Development installation

We currently use Redis as a broker:

sudo apt-get install redis-server

Install the Python package:

git clone git@github.com:frictionlessdata/goodtables.io.git
cd goodtables.io
pip install -r requirements.txt
python setup.py develop

Create .env file with environment variables:

$ cp .env.example .env
$ editor .env # edit your vars

Migrations:

  • migrate - make migrate
  • downgrade - alembic downgrade -1
  • add migration - alembic revision -m '<name>'

Quickstart

Start the Celery worker and dev server:

bash1$ make celery-dev
bash2$ make server-dev

Now developmet server runs on localhost:5000. We could send github repo for validation getting job identifiers as a response:

POST localhost:5000/github/hook/

{
  "repository": {
      "clone_url": "https://github.com/roll/goodtables-example.git"
    }
}
---
693f40f0-fcad-416e-b2c7-a5beebff4f44

GET localhost:5000/api/job/693f40f0-fcad-416e-b2c7-a5beebff4f44

{
  "report": {
    "created": "Mon, 14 Nov 2016 12:42:41 GMT",
    "finished": "Mon, 14 Nov 2016 12:42:43 GMT",
    "report": {
      "error-count": 1,
      "errors": [],
      "table-count": 2,
      "tables": [
        {
          "error-count": 1,
          "errors": [
            {
              "code": "blank-header",
              "column-number": 3,
              "message": "Header in column 3 is blank",
              "row": null,
              "row-number": null
            }
          ],
          "headers": [
            "id",
            "name",
            "",
            "name"
          ],
          "row-count": 2,
          "time": 0.964,
          "valid": false
        },
        {
          "error-count": 0,
          "errors": [],
          "headers": [
            "id",
            "name"
          ],
          "row-count": 3,
          "time": 0.945,
          "valid": true
        }
      ],
      "time": 0.981,
      "valid": false
    },
    "id": "693f40f0-fcad-416e-b2c7-a5beebff4f44"
  },
  "status": "SUCCESS"
}

Set up (MVP version)

As of now, the process to set up validation on a GitHub repo is the following:

  • Choose a repository that contains tabular data files inside the frictionlessdata organization
  • Go to Settings > Webhooks.

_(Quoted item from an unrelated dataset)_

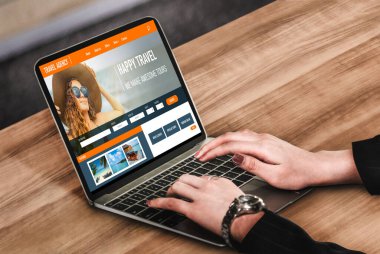 Model arama ve seyahat planlama için internet sitesi uçuş, otel ve tur rezervasyonları için anlaşma ve paket sunuyor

Click on Add Webhook
  • On Payload URL, enter: http://goodtables.oklabs.org/github/hook (leave the rest of fields as they are)

From this moment, once you start pushing to the master branch you should see the validation status next to the commit messages:

dealwithit 1

The statuses link to the full report on the prototype app.

Support for PRs, custom branches and proper authorisation is coming.